Впрочем, до июня месяца 1851 г. дотащились – и то хорошо. Ну, друзья, ну! шаг за шагом, дорога больно глиниста, песчана – да ведь делать нечего, не остаться же ночевать, – чтоб сократить ее, давайте снова перебирать старое.
Хотя перебирать его не легко.
Трудно говорить откровенно в наше время, и это вовсе независимо от полицейских преследований, а от того, что большинство людей, стоявших с нами на одном берегу, расходится более и более; мы идем, они не двигаются и становятся все раздражительнее от лет, от несчастий и составляют демократическое православие.

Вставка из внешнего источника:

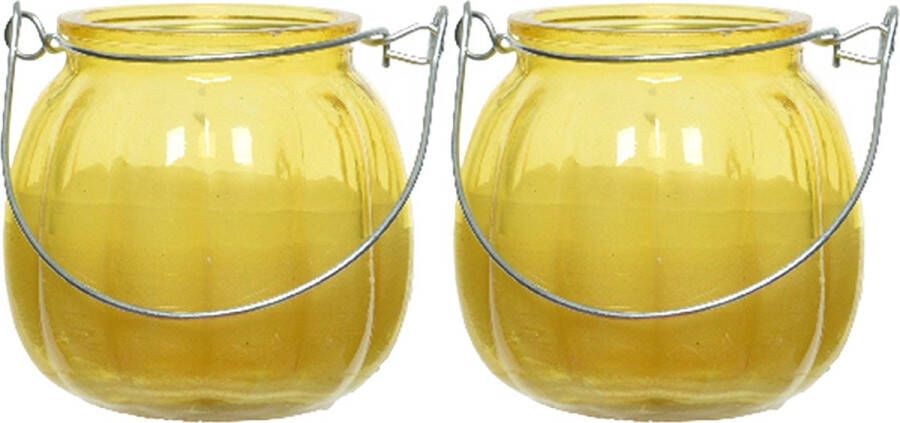 Decoris 2x citronella kaarsen in glas 15 branduren D8 x H8 cm geel geurkaarsen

У них учреждена своя радикальная инквизиция, свой ценс для идей; идеи и мысли, удовлетворяющие их требованиям, имеют права гражданства и гласности, другие объявляются еретическими и лишены голоса; это пролетарии нравственного мира, они должны молчать или брать свое место грудью, восстанием. Против бунтующих идей является демократическая цензура, несравненно более опасная, нежели всякая другая, потому что не имеет ни полиции, ни подтасованных присяжных, ни судей в маскарадных беретах, ни попов в маскарадных митрах, ни тюрем, ни штрафов. Цензура реакции насильственно вырывает книгу из рук, и книгу все уважают; она преследует автора, запирает типографию, ломает станки, и гонимое слово переходит в верование. Цензура демократическая губит нравственно, обвинения ее раздаются не из съезжей, не из прокурорского рта, а из дали ссылки, изгнания, из мрака заточения; приговор, писанный рукой, на которой виден след цепи, отзывается глубоко в сердцах, что вовсе не мешает ему быть несправедливым.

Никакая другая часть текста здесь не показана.